Posthumous Philip Seymour Hoffman Buzz Reveals: Big Estates Have A Life Of Their Own

Posthumous Philip Seymour Hoffman Buzz Reveals: Big Estates Have A Life Of Their Own

When I heard Philip Seymour Hoffman was making waves again in the estate planning community, the surprise was short-lived. 

Granted, the star died in 2014 and while there were hints that his exit was complicated, he left a capable girlfriend behind to take care of his kids and guard his professional legacy.

We all got on with everyday developments in our own lives. But for his nearest and dearest, that kind of easy closure took time. Arguably it takes a lifetime.

Even on the purely financial level, it can take years for a big estate to settle, distributing all the property and resolving all the executors' duties. 

For people like Hoffman who accumulate recurring income or intellectual property -- the movie residuals -- the process may never really end without active effort to liquidate those trailing assets and obligations or wind them down.

And that's when the estate plan is relatively well structured. When there are question marks or outright dissent, the lawsuits can simmer for decades.

That's why it's good news to hear that Hoffman's estate has reached the point where we can really weigh in on what worked and how other people's clients could do better.

It turns out that he left a substantial $35 million behind and wrote a will assigning ownership of that wealth to his longtime romantic partner, the mother of his children. While that solution wasn't perfect -- because they weren't married, Hoffman's money didn't pass on tax-free, for example -- the outcome was still a lot better than it could've been.

And that's the outcome that fit the way he lived. He wasn't into married life. There was no putting a price tag on that, no matter how high the millions ramped up.

Likewise, he wasn't into making sure the couple's three kids would inherit every possible cent that the tax code allows. He knew their mother would use the money to look out for them. That's it. No dynastic ambition, zero effort to manipulate their lives from beyond the grave.

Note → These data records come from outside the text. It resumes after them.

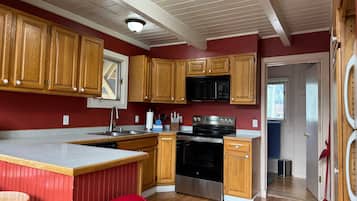 Coffee/tea maker, fridge, microwave, oven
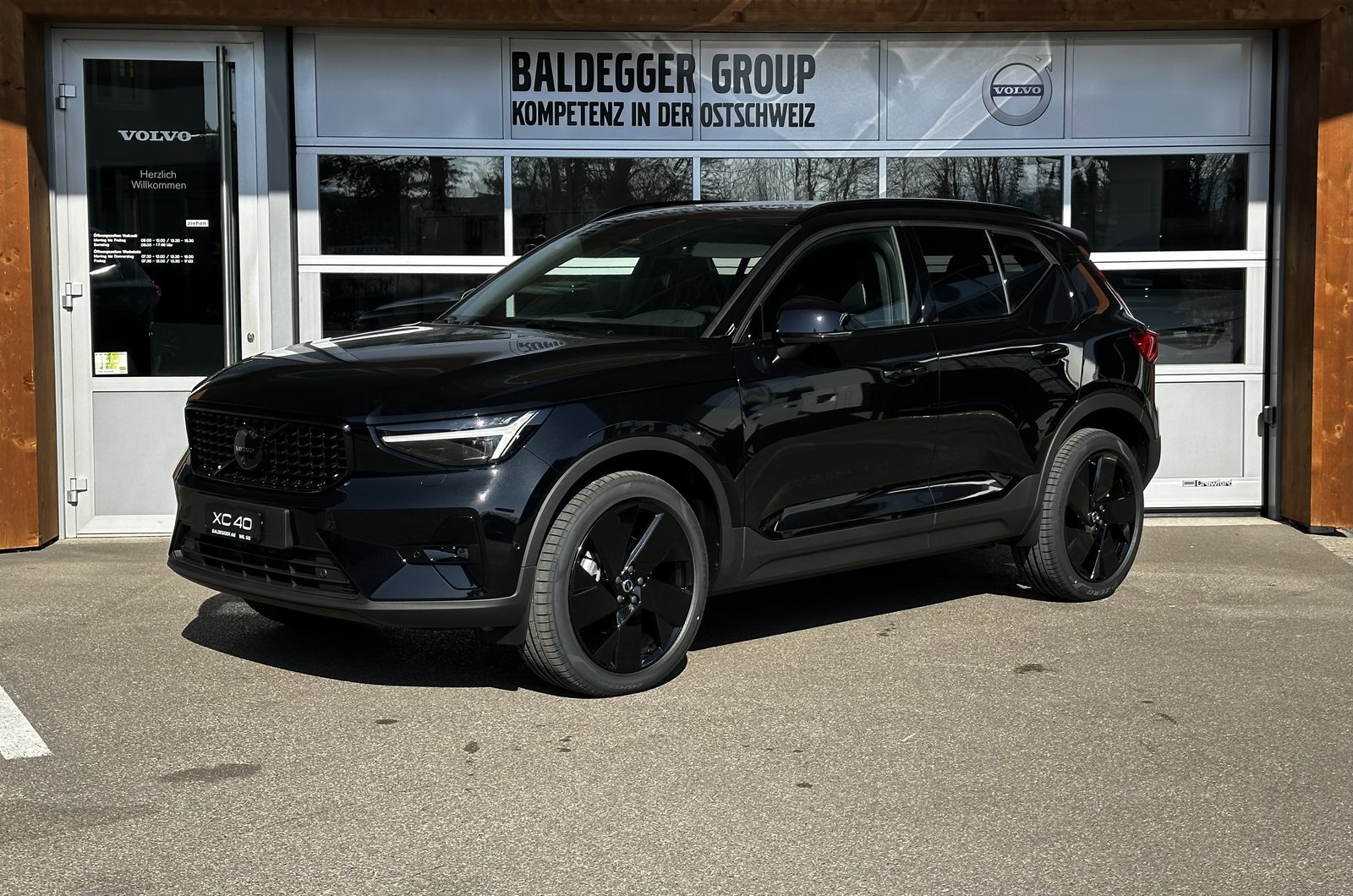 VOLVO XC40 2.0 B4 MH Ultra Black Edi, Voll-Hybrid Benzin/Elektro, Vorführwagen, Automat - 6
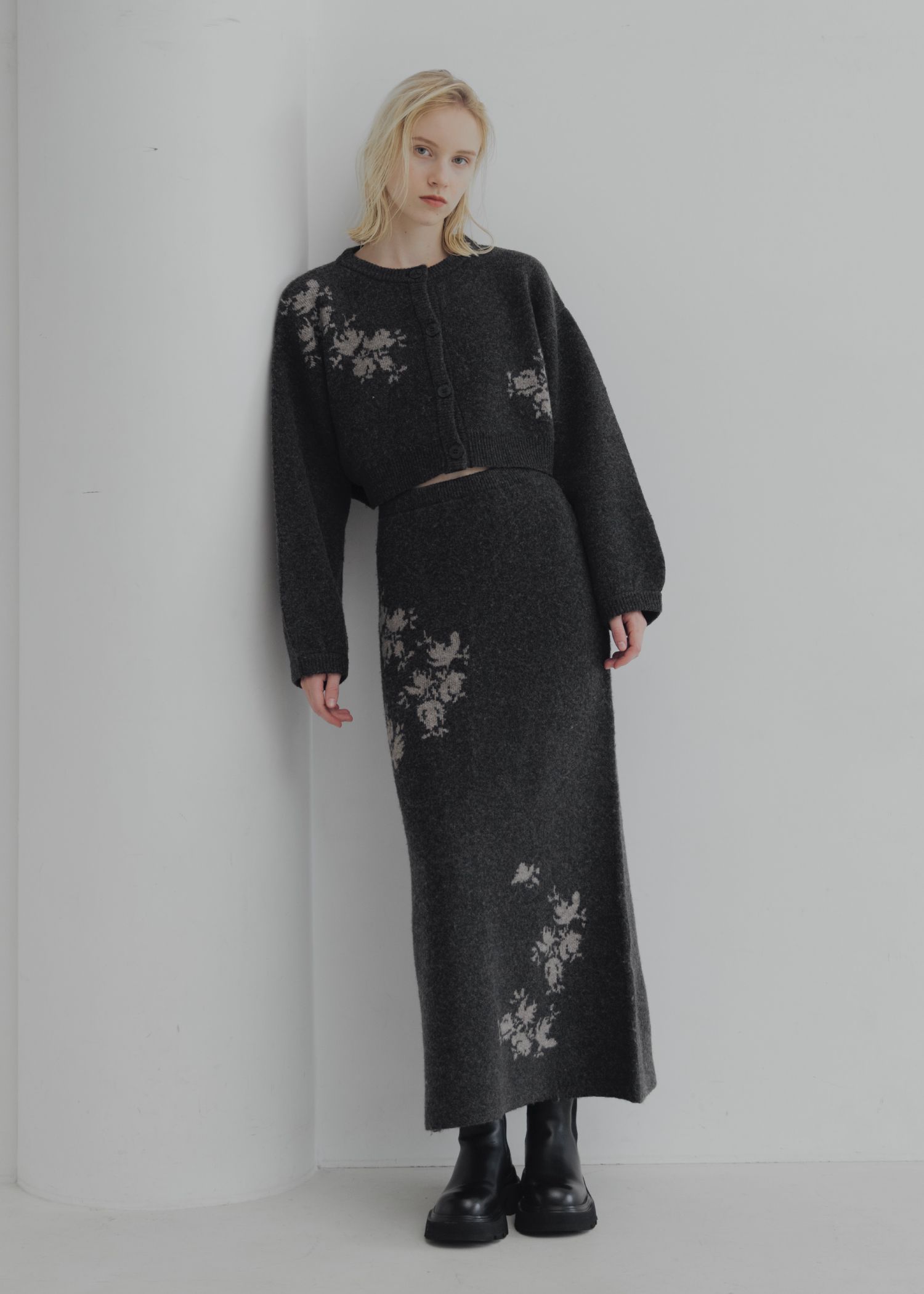 cropped flower jacquard knit cardigan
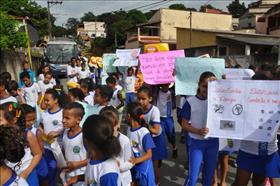 Estudantes realizam mais uma passeata contra a dengue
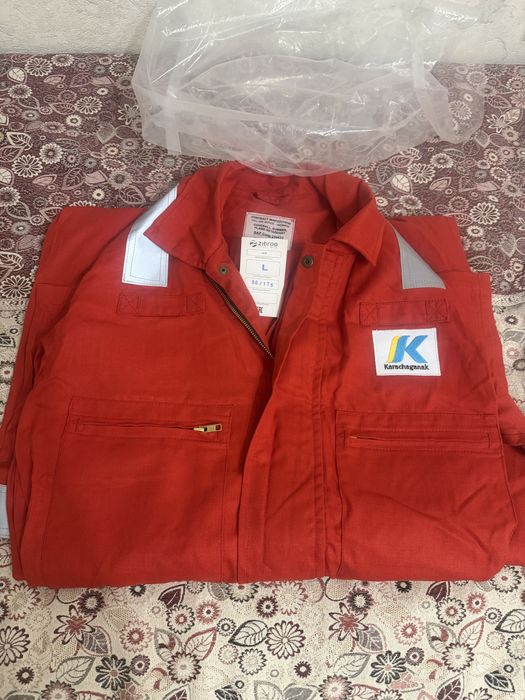 Продам спец одежду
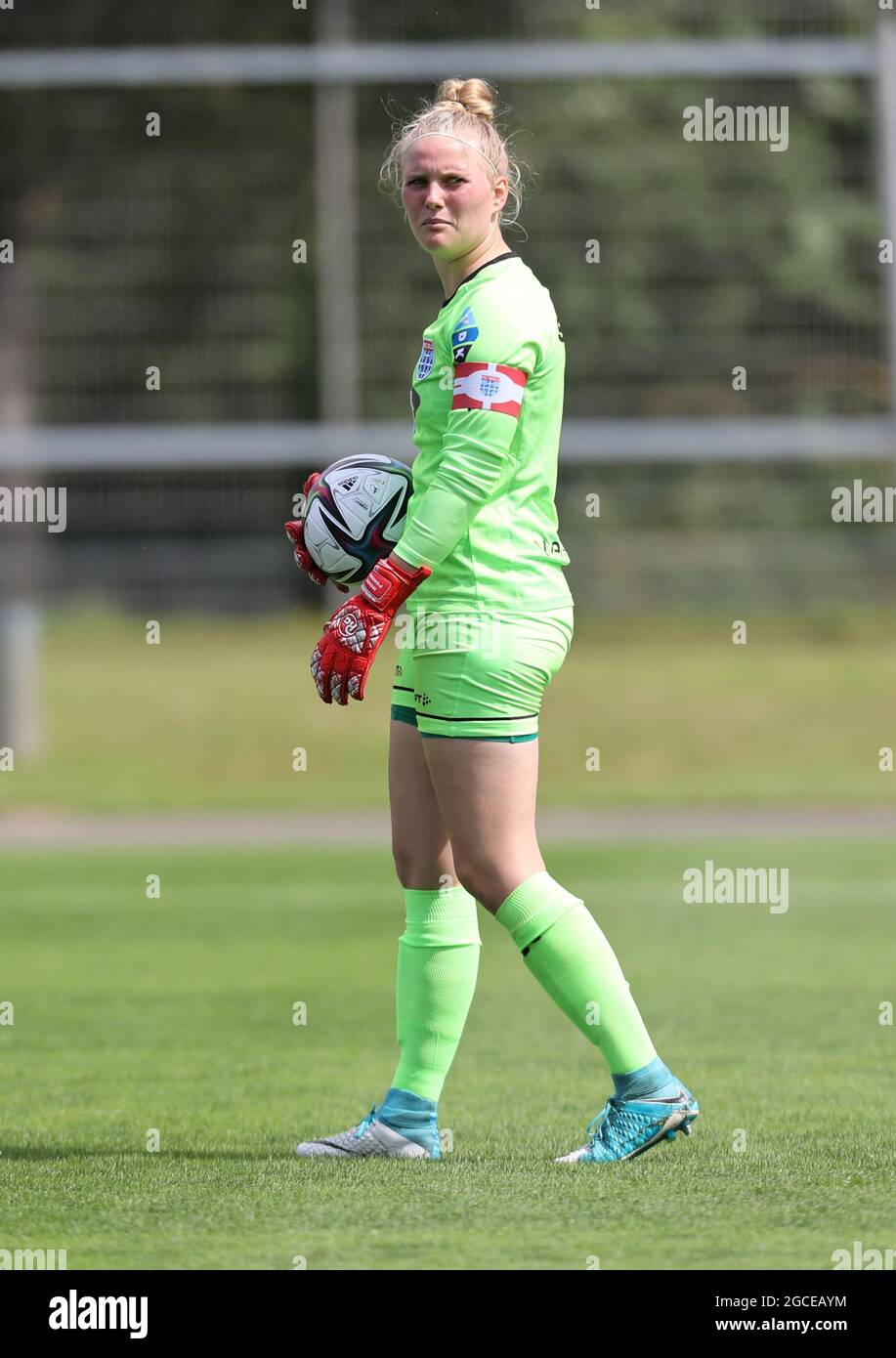 Leverkusen, Germany, 07/08/2021, Test match women, Bayer 04 Leverkusen - PEC Zwolle, goalkeeper Moon Pondes (PEC) looks on. Stock Photo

The decisions carry costs, it's true. Forgoing the unlimited marital deduction reduces the risk-free Treasury interest the family money could have generated from a cozy $1 million to "only" $700,000 a year without touching the principal.

If the family can manage to live on that scale, the kids may ultimately inherit $4 million apiece at current tax rates when their mother dies, assuming of course that there's still an estate tax at that hopefully far-off date.

That's where the unmarried partners really take a hit. His estate paid to pass on the wealth to her. Under today's rules, she pays again to pass it to the kids, reducing the ultimate inheritance by 65% in two steps and stomaching a drag on current income meanwhile.

At this level of wealth, it arguably doesn't matter. The kids should be comfortable either way. 

But for mere mega-millionaires, it makes a big difference in terms of the lifestyle the survivors can support. In these cases, it's probably worth at least exploring a deathbed marriage if there's time.

Hoffman didn't give the family time and probably felt strongly enough about the institution to pay the extra tax. For others, the dollar signs may provoke second thoughts. 

The point is that every family is different and obeys its own organic calculus of cash versus non-economic priorities. While legal channels exist to let the deceased relative weigh in on that calculus, not everyone chooses to wield the dead hand. 

Hoffman apparently wanted the kids to travel. I get the feeling they would've done that either way. They have their whole lives ahead of them. I hope they do great things.

Maybe that's the key to truly dynastic planning. People come and go, playing roles and nudging the structure in the directions their personalities and personal goals dictate. The money follows its own path, and if they intersect, the advisors earn their fees.